You cannot alter the predict files that way as when we call it we don’t pass two models.
However, you can train two models in your fit_model function and return a vector (or list) with the models.
Then that vector gets saved and loaded and you will then have to write the logic within your predict_expected_claim and predict_premium functions to expand the vector and make the predictions accordingly.
Hi @alfarzan
Why cannot we alter the prediction file codes?
Are we also not allowed to modify the number of arguments we can pass to any other function (in model file)?
It is more a curiosity if those are kind of restrictions we have.

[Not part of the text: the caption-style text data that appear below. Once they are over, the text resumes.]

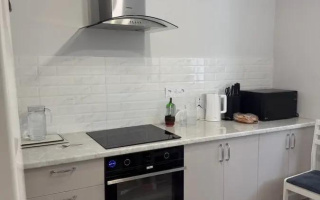 Продажа 1-комнатной квартиры, 40 м², ул. Казыбек би, дом  5а - Продажа однокомнатных квартир без посредников в Астане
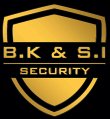b-k-s-i---security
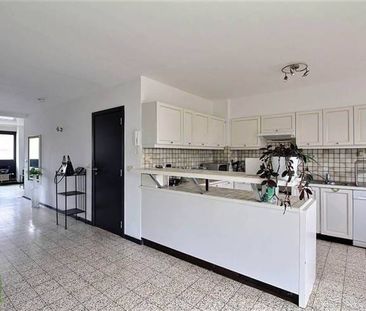 Duplex te huur - Photo 4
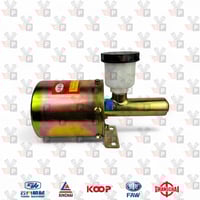 Miniaturka zdjęcia produktu 3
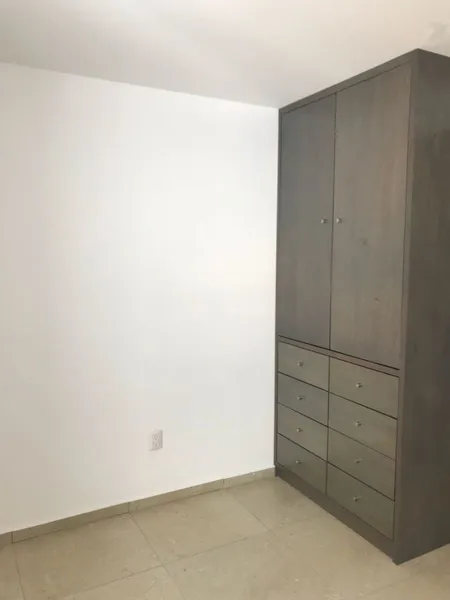 Foto 22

The only functions you are allowed to change in terms of number of arguments given are:
Any preprocessing functions you write
The save_model and load_model
The reason you cannot alter the prediction files is because our servers call on those functions directly to generate predictions by feeding them 2 arguments (your model and the data). Hence if you alter the number of required arguments your code will not be able to run.

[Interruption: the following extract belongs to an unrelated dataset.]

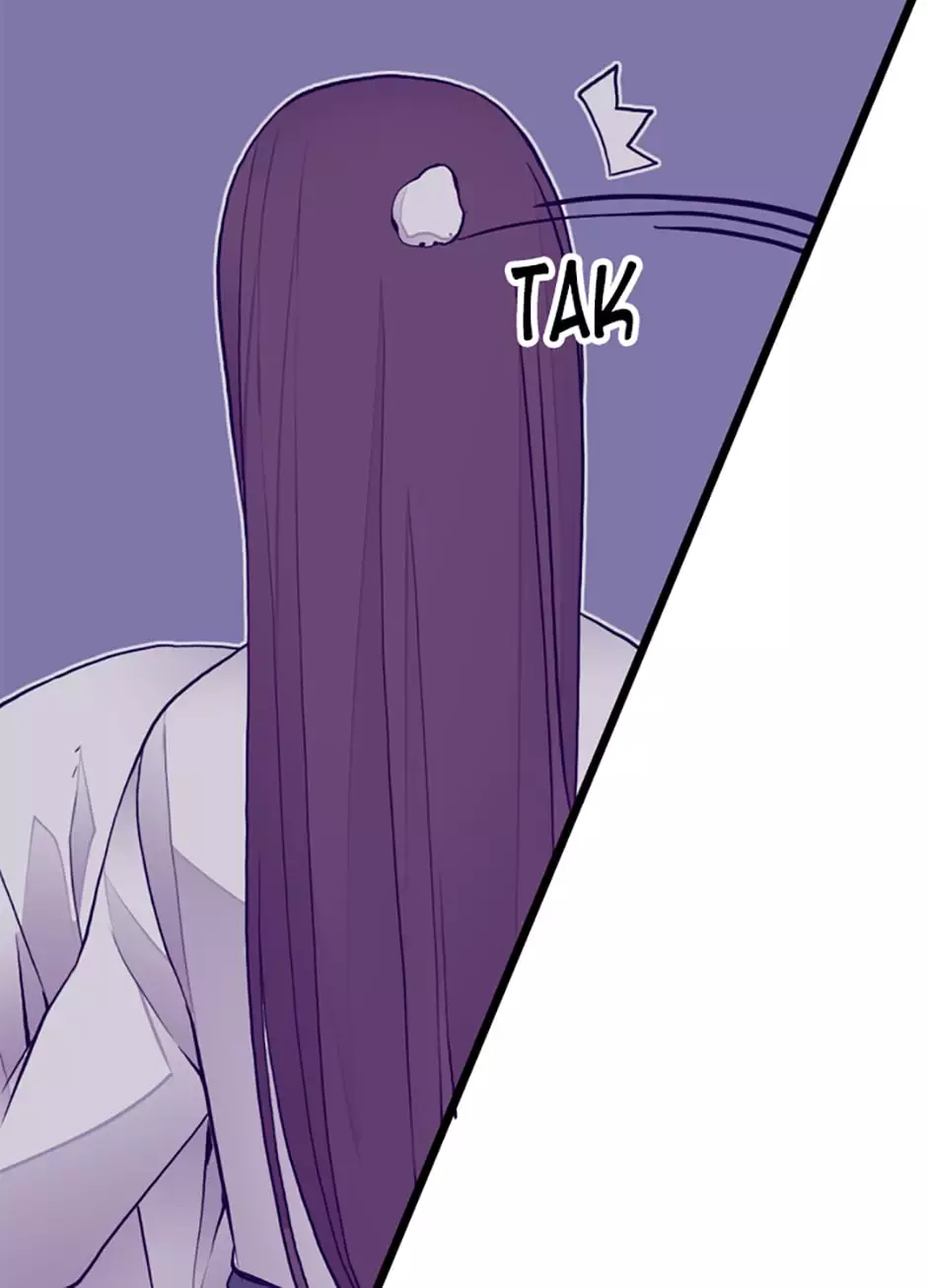 They Say I Was Born a Kings Daughter Chapter 45 page 65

A note on the remaining code files if you are using R and want to use something other than an .RData file to save your models:
predict.R. You will have to alter the load_model accordingly.
train.R. Similarly you will have to alter the save_model accordingly.
We are going to push an update that fixes the R issue soon!
Thank you so much for you answer, precise as always.
But are you sure it doesn’t work? I did a submission with more than one model modifying both the function in model file and the call in predict and it went good.
Did i do something “illegal”?
I can give you the number of submission if you need.
It might work, but there would be no guarantee that it will continue to do so if we change some minor details in the backend. That’s why it’s safer not to.
And yes, that would be helpful, what is the submission number?